KW unterstützt „Entwicklung KI-basierter Fahrwerksregelung“

Dienstag, 28 Juli, 2020 - 10:00
Michael Rohn ist als Fachbereichsleiter in der Fahrwerkentwicklung der Projekt-Verantwortliche bei KW. Bildquelle: KW automotive.

Die Bundesregierung fördert im Rahmen der „Strategie für Künstliche Intelligenz“ den Transfer der Grundlagenforschung in die Wirtschaft.

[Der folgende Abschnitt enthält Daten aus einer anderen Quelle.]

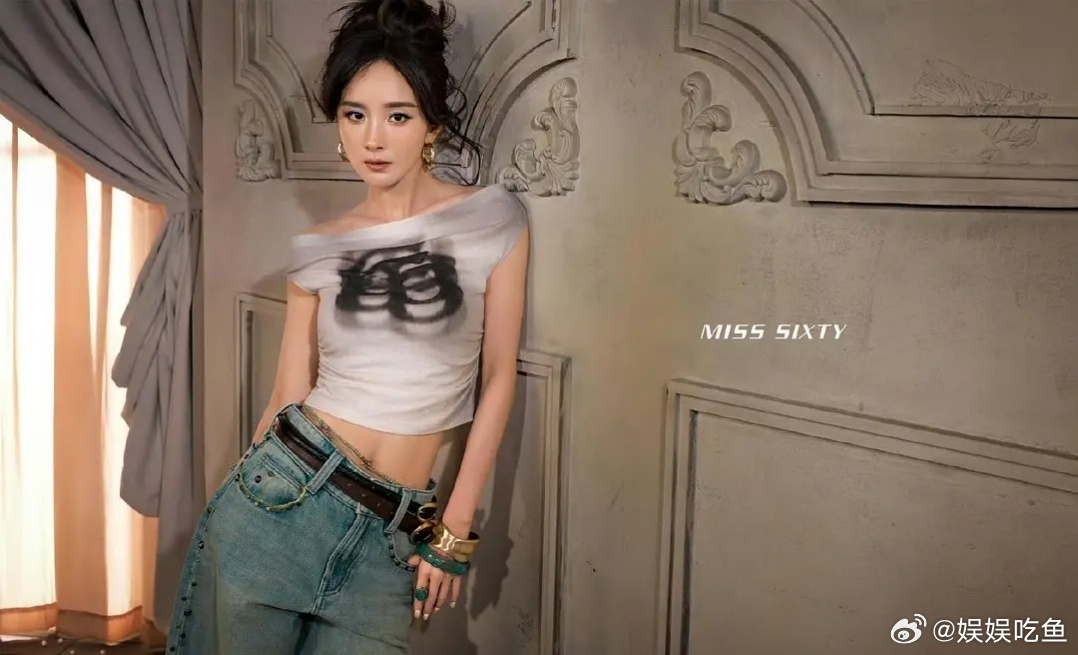 杨幂真的好好看 好适合牛仔套装 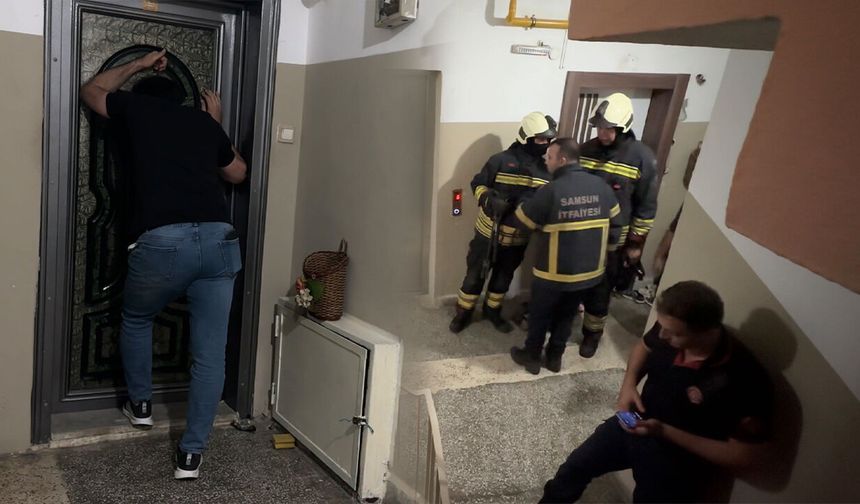 Samsun'da korku dolu anlar! Evini yakıp kendini içeri kilitledi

Davon profitiert auch das Projekt „Entwicklung KI-basierter Fahrwerksregelung“, bei dem der Fahrwerkhersteller KW automotive und das „Deutsche Zentrum für Luft- und Raumfahrt e. V. (DLR)“ zusammenarbeiten.

KW ist seit dem Frühjahr 2020 Partner des Gemeinschafts-Projekts, das seitens des Bundeministeriums für Bildung und Forschung (BMBF) mit einem Millionenbetrag unterstützt wird. „Ziel des Projekts ist es, eine stärkere Automatisierung des Regler-Auslegungsprozesses und gleichzeitig eine bessere Regelgüte für semi-aktive Feder-Dämpfer-Einheiten im Fahrwerksbereich zu erreichen. Hierfür sollen auf der Basis von realen Messdaten sowohl für die Modellgewinnung als auch für die Parametrierung des Reglers intelligente Lernverfahren – sogenanntes Supervised Learning und Reinforcement Learning – zum Einsatz kommen“, erklärt KW-Entwicklungsingenieur Michael Rohn.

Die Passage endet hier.